Ok, so I have a matrix with 17000 rows (examples) and 300 columns (features). I want to compute basically the euclidian distance between each possible combination of rows, so the sum of the squared differences for each possible pair of rows. Obviously it's a lot and iPython, while not completely crashing my laptop, says "(busy)" for a while and then I can't run anything anymore and it certain seems to have given up, even though I can move my mouse and everything.
Is there any way to make this work? Here's the function I wrote. I used numpy everywhere I could. What I'm doing is storing the differences in a difference matrix for each possible combination. I'm aware that the lower diagonal part of the matrix = the upper diagonal, but that would only save 1/2 the computation time (better than nothing, but not a game changer, I think).
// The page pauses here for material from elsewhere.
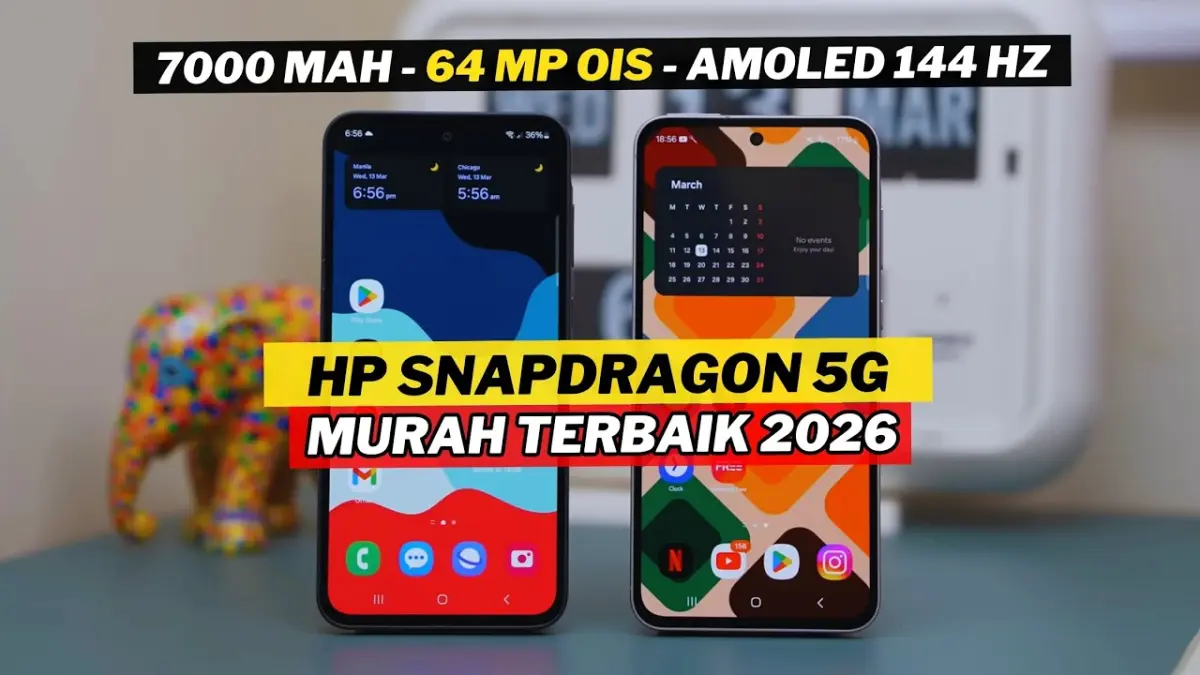 HP Snapdragon 5G murah terbaik 2026 hadir dengan performa kencang, layar AMOLED 120 Hz, dan baterai jumbo. Simak rekomendasinya. (Youtube. com)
EDIT: I just tried using scipy.spatial.distance.pdist
but it's been running for a good minute now with no end in sight, is there a better way? I should also mention that I have NaN values in there...but that's not a problem for numpy apparently.
features = np.array(dataframe)
distances = np.zeros((17000, 17000))
def sum_diff():
for i in range(17000):
for j in range(17000):
diff = np.array(features[i] - features[j])
diff = np.square(diff)
sumsquares = np.sum(diff)
distances[i][j] = sumsquares